So, anyway, back to my bike!  The thing is that before I got it along with the accessories that include lights (front and back reflectors), helmet, lock and warranty, I decided to wait for the bus when I’d get off of work at night.  How it used to work was that normally I work nights, so, I’d get off at midnight to one in the morning, head over to the 24 hour QFC (eh, maybe a mile), sit by the fireplace and wait for the first 935 bus that came at 5:15am.  Hahah, so, I’m so glad those days are over.

I am MORE THAN HAPPY to ride in the rain back home, haha!  It saves bus fare, time and sleeplessness.  And what exercise!  After two days of doing it, I really felt it in my legs, so, no pain no gain, right?  Hahah!  I know this is helping me loose weight and I can’t wait to see how say, two months from now, what I’ll look like after peddling up those steep hills and challenging myself to go beyond what might be comfortable for me. 

Got to loose those calories!  In the words of Sarah Palin, “Burn, baby, burn,” hahaahh!  Oh, and one last thing: I have lost two pounds in two weeks just for riding my bike, isn’t that awesome?

Saturday, April 3, 2010

Eat, Drink......and be (truly) Merry!


Well, it’s been a couple weeks since my last entry.  I’m not sure if anyone cares but you know the cool part about this thing is that I, personally can go back  and read my own stuff and see what my frustrations were and my great recored moments and remember them.  But, the topic of this one should be none other than God.

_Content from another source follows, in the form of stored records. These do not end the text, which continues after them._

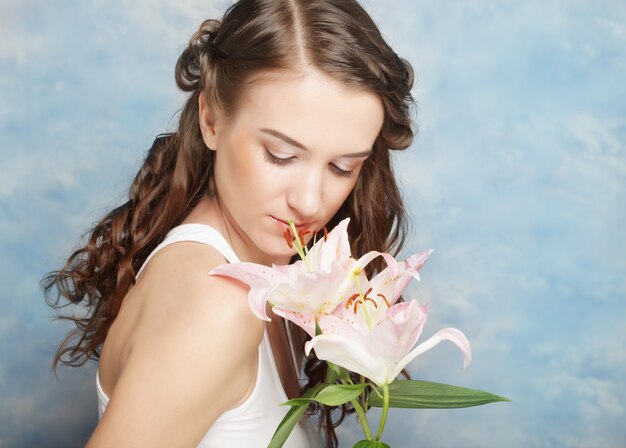 Schöne Frau mit Blumen einer Lilie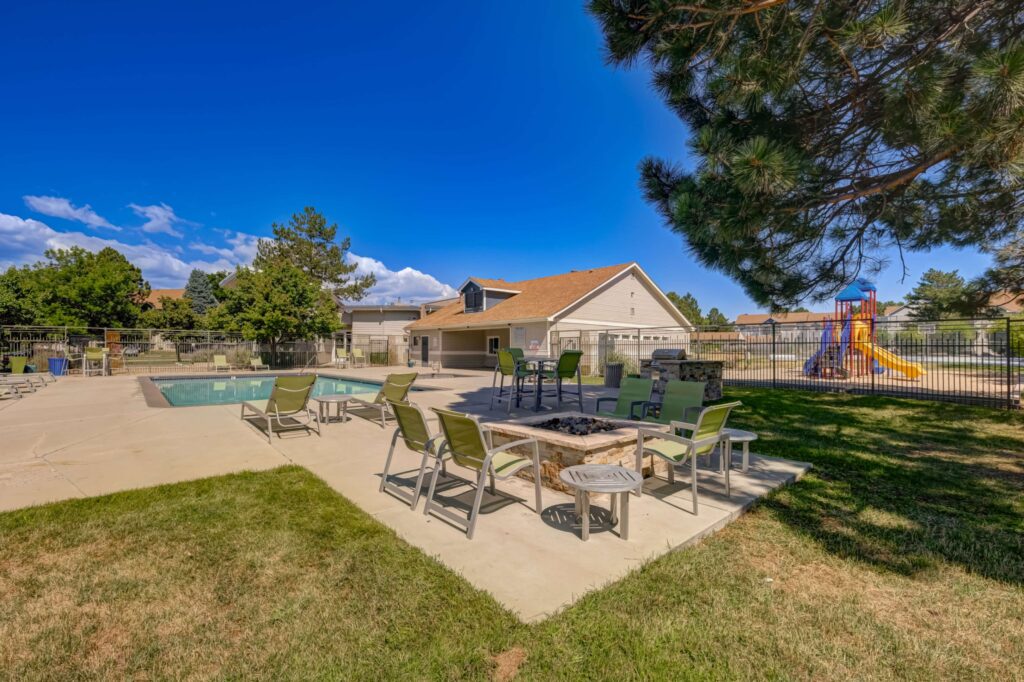 Fire pit area in front of swimming pool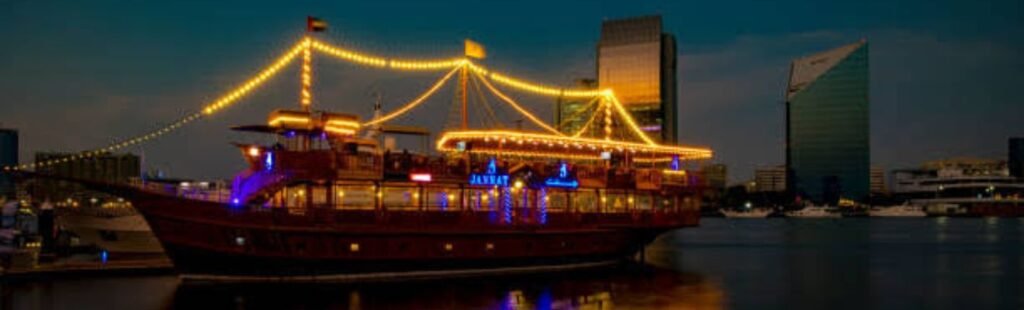 Guests enjoying a gourmet dinner on the Dhow Cruise.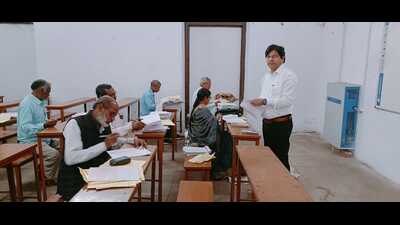 Evaluation of UP Board answer sheets underway at an evaluation centre in Prayagraj on Saturday. (HT Photo) Evaluation of UP Board answer sheets underway at an evaluation centre in Prayagraj on Saturday. (HT Photo)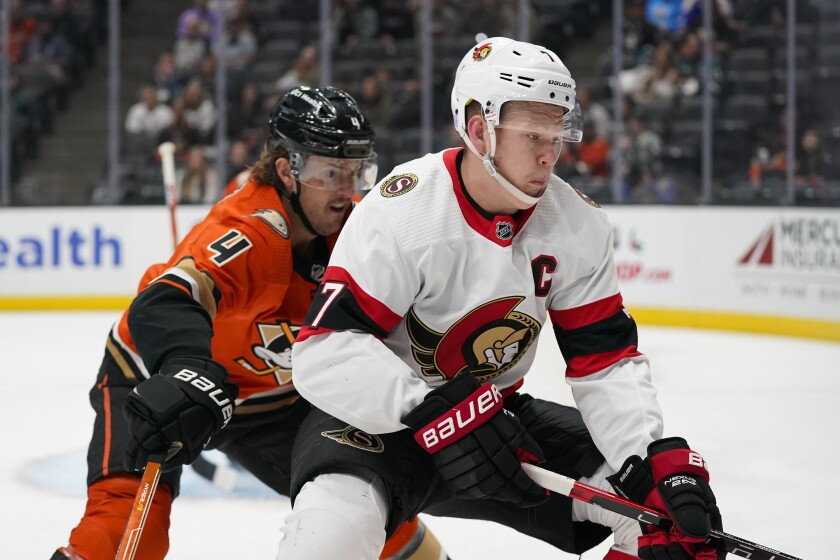 Ottawa Senators' Brady Tkachuk, right, is defended by Anaheim Ducks' Cam Fowler during the first period of an NHL hockey game Friday, Nov. 26, 2021, in Anaheim , Calif. (AP Photo/Jae C. Hong)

I’ve started diving into the Word everyday now and it’s becoming a lot easier living the way I should if I want to go within God’s plan.  I can’t begin to say what this has been doing for me.   To be surrounded by people who constantly uplift me is very encouraging and I really welcome such things.  Hahah!   Anyway, it’s a beautiful thing to really treasure and share.  I really hope to go about and grow more and more in Jesus name.  I don’t need to eat food ONLY when I’m hungry.  Hahah, according to the latest studies conducted, health experts say that eating a little bit every two hours is more better for you than eating big meals at a time.  Likewise, when we eat from God constantly we just do ourselves some good!  Think about it.  What if we were to simply go to church every Sunday and call it good with God?   I mean, don’t get me wrong, it’s vital and important to go to church, but only getting connected once a week?  Sure, it’s something but don’t you think it’s so much easier to eat and eat and eat so your stomach doesn’t growl and you don’t have to be AWAY from food? 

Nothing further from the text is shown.